What you should do:
Print the data exactly as written, but leave out each picture.

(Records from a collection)
[Start of section]

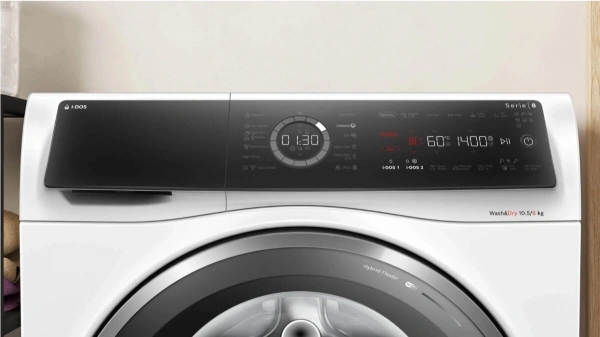 Стиральная машина Bosch Serie 8 WNC254A0SN пан.англ. класс: D загр.фронтальная макс.:10.5кг (с сушкой) белый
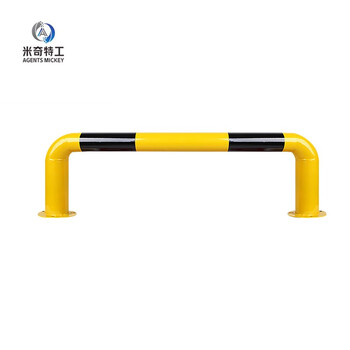 米奇特工(agents mickey)挡车器停车位防撞栏车库道路钢管隔离栏 室外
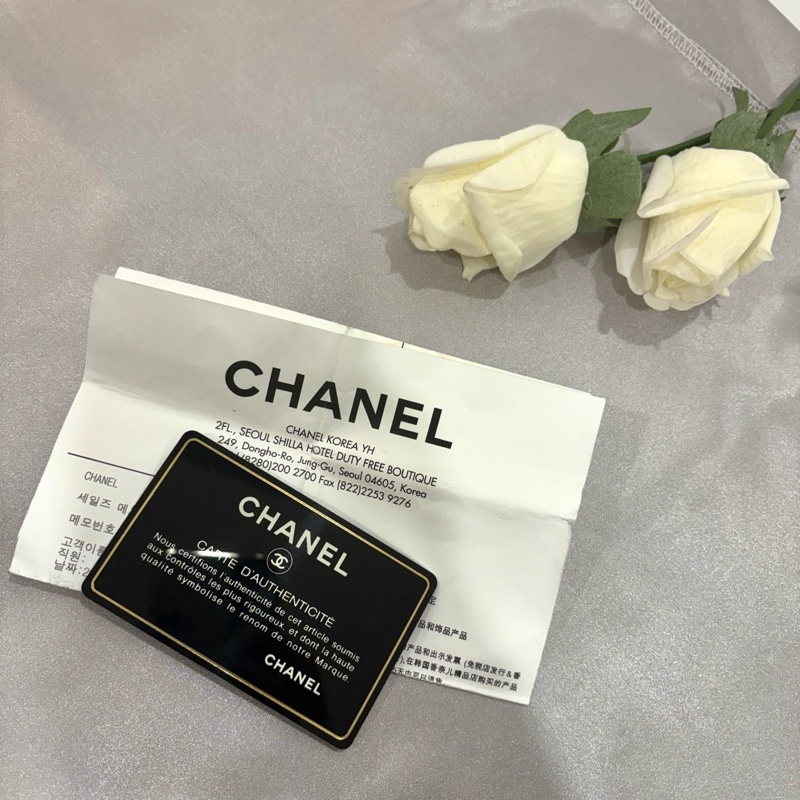 CHANEL 金扣鐵牌牛皮提把鏈條包 黑-10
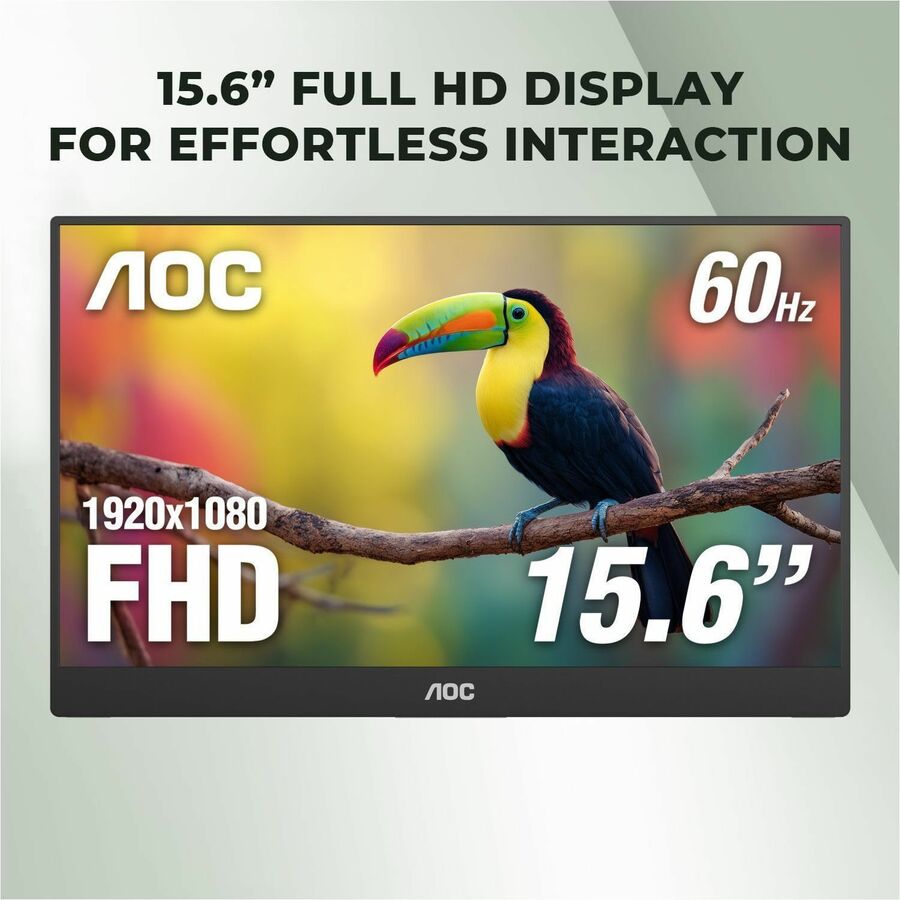 Alternate-Image1 Image for AOC 16T15 16" Class Full HD LCD Monitor - 16:9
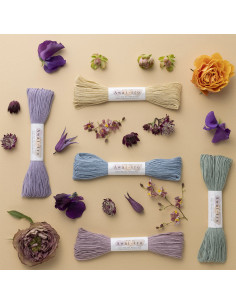 Fil sashiko pastel Awai Iro Olympus 40 m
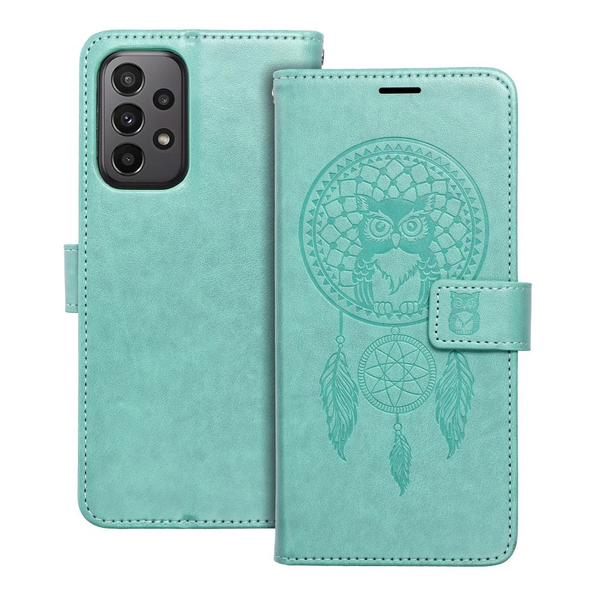 MEZZO könyvtok Samsung Galaxy A23 5G készülékhez dreamcatcher zöld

[End of section]

Answer to the problem:
 Стиральная машина Bosch Serie 8 WNC254A0SN пан.англ. класс: D загр.фронтальная макс.:10.5кг (с сушкой) белый
 米奇特工(agents mickey)挡车器停车位防撞栏车库道路钢管隔离栏 室外
 CHANEL 金扣鐵牌牛皮提把鏈條包 黑-10
 Alternate-Image1 Image for AOC 16T15 16" Class Full HD LCD Monitor - 16:9
 Fil sashiko pastel Awai Iro Olympus 40 m
 MEZZO könyvtok Samsung Galaxy A23 5G készülékhez dreamcatcher zöld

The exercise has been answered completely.